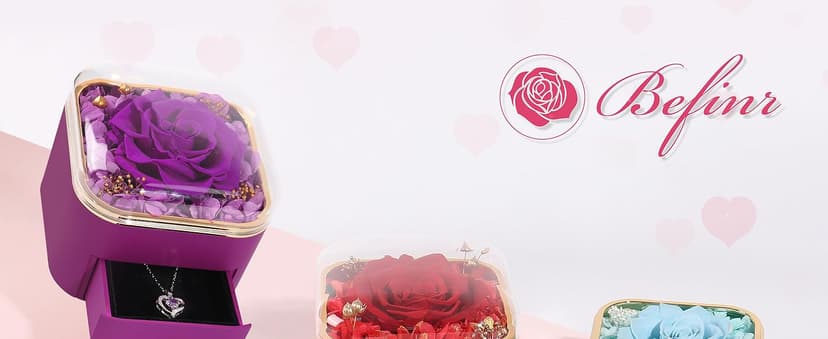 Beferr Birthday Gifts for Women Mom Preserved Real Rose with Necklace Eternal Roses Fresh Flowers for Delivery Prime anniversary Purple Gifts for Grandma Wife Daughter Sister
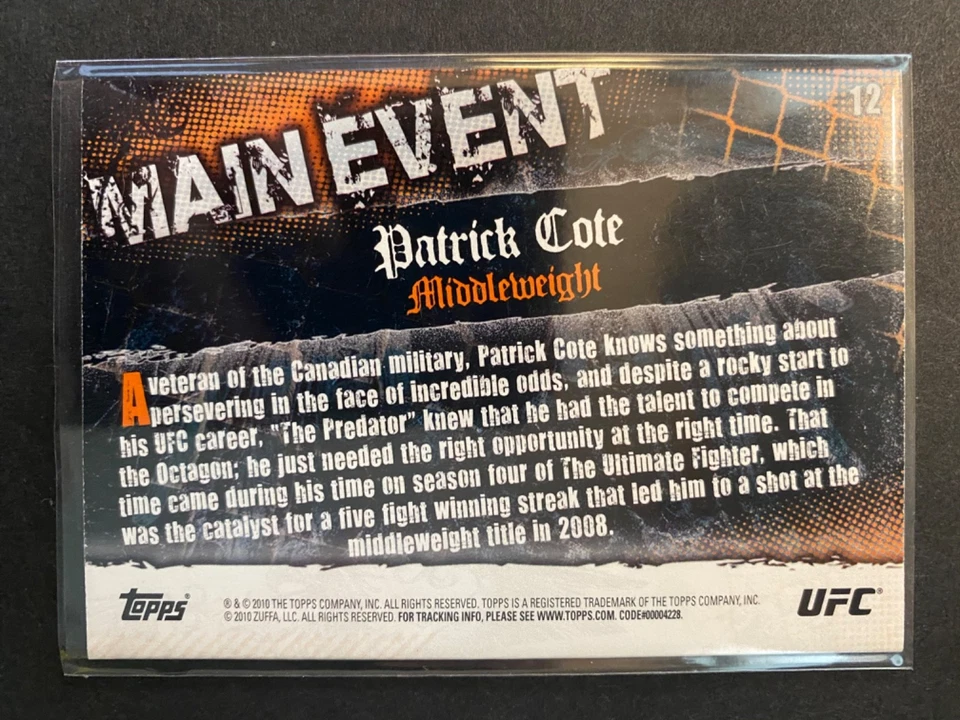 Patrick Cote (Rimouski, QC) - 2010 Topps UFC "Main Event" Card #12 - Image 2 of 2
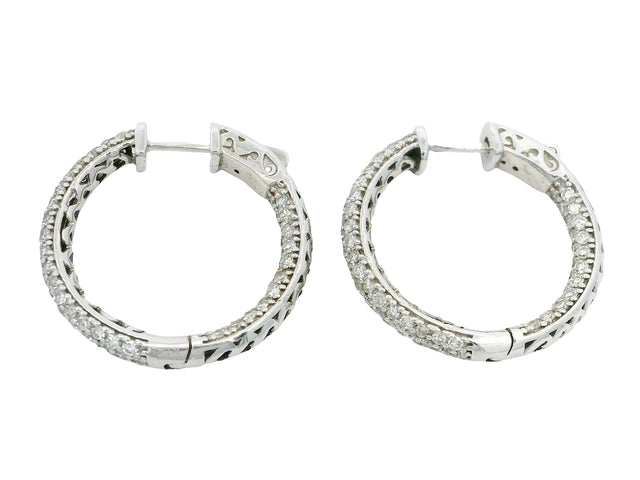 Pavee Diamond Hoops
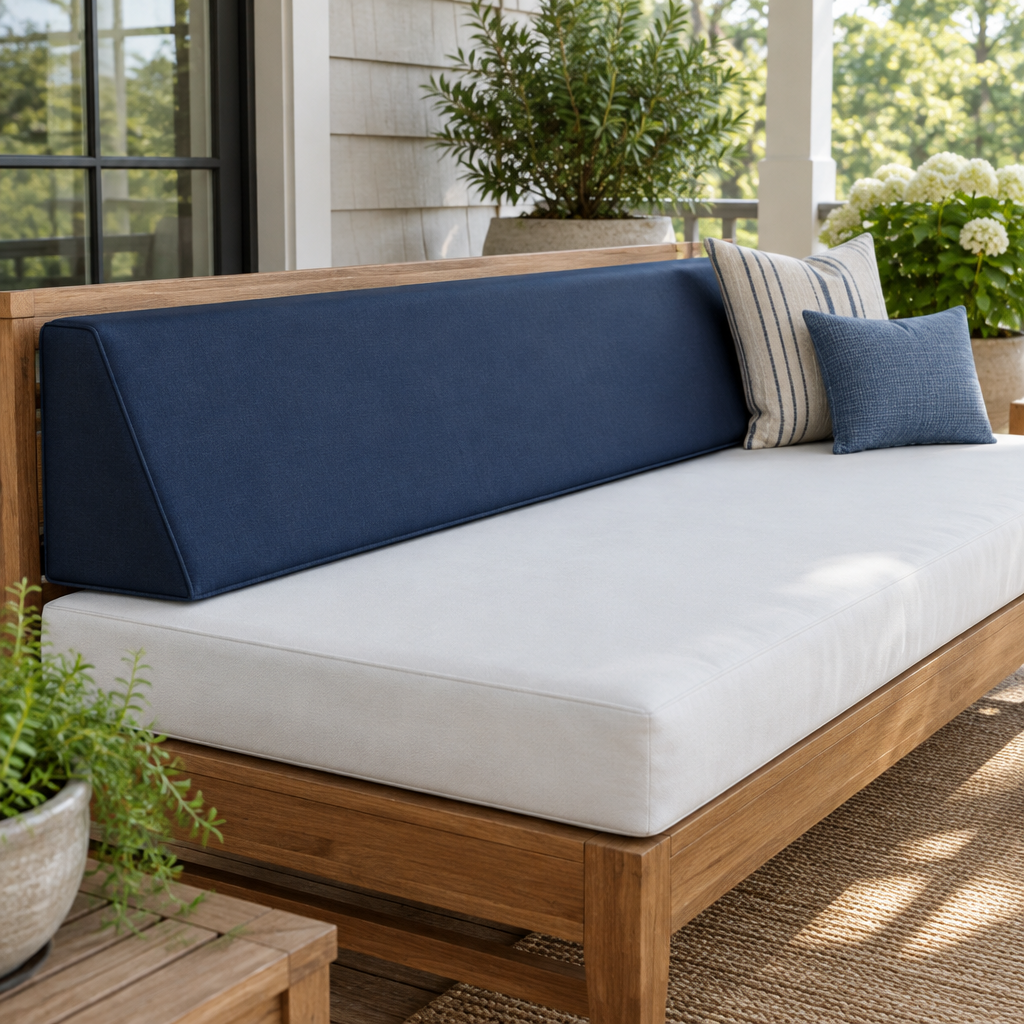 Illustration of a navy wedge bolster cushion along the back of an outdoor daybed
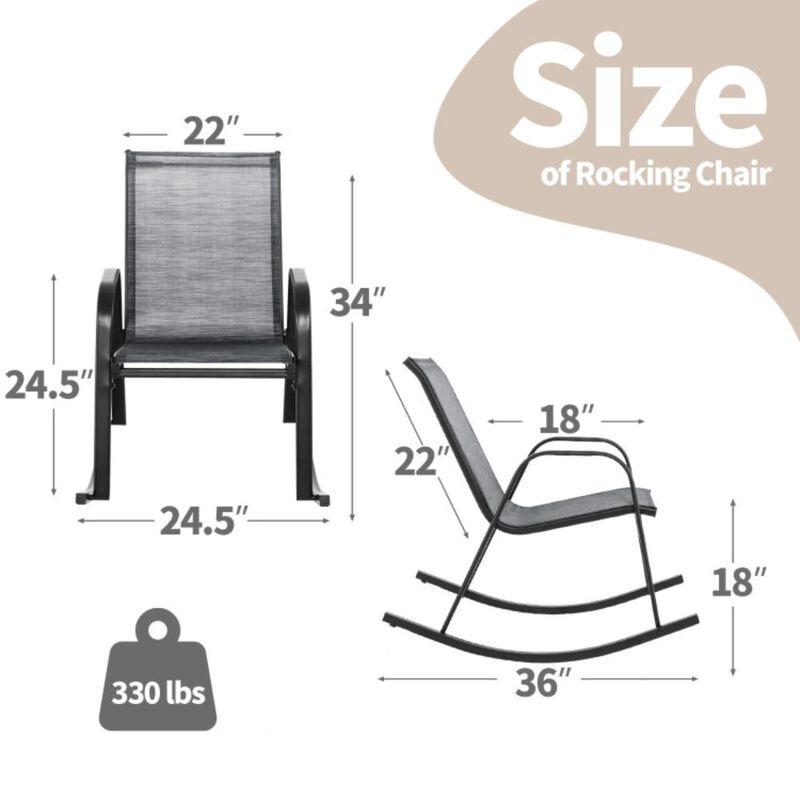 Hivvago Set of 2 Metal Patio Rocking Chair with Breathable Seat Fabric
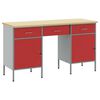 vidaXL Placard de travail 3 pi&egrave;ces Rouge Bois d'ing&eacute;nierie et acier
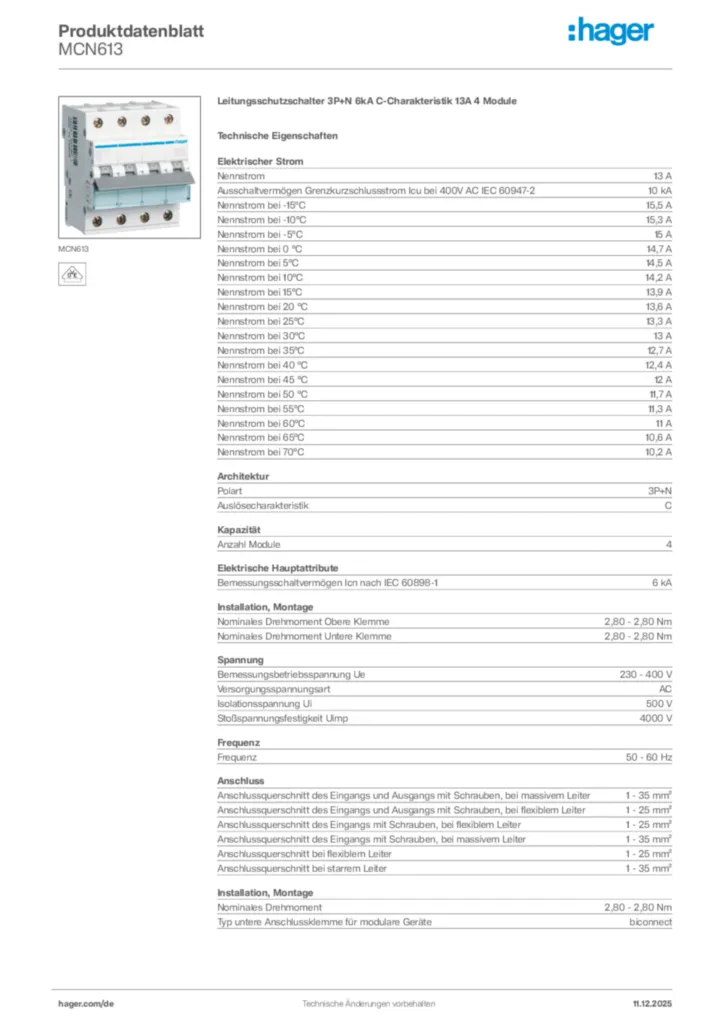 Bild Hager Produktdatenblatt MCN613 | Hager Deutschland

--

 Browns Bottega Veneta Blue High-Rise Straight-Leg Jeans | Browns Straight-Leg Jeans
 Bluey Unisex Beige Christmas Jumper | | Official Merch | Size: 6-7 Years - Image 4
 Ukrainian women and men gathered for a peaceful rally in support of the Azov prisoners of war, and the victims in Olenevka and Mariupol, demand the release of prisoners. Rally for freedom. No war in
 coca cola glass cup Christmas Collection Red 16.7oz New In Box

**Exercise brief**
Above this task is a listing with pictures in it. Retype only the lines from the one containing "Pavee Diamond Hoops" through the one containing "Bild Hager Produktdatenblatt", both included, and not the pictures.

**Exercise answer**
 Pavee Diamond Hoops
 Illustration of a navy wedge bolster cushion along the back of an outdoor daybed
 Hivvago Set of 2 Metal Patio Rocking Chair with Breathable Seat Fabric
 vidaXL Placard de travail 3 pi&egrave;ces Rouge Bois d'ing&eacute;nierie et acier
 Bild Hager Produktdatenblatt MCN613 | Hager Deutschland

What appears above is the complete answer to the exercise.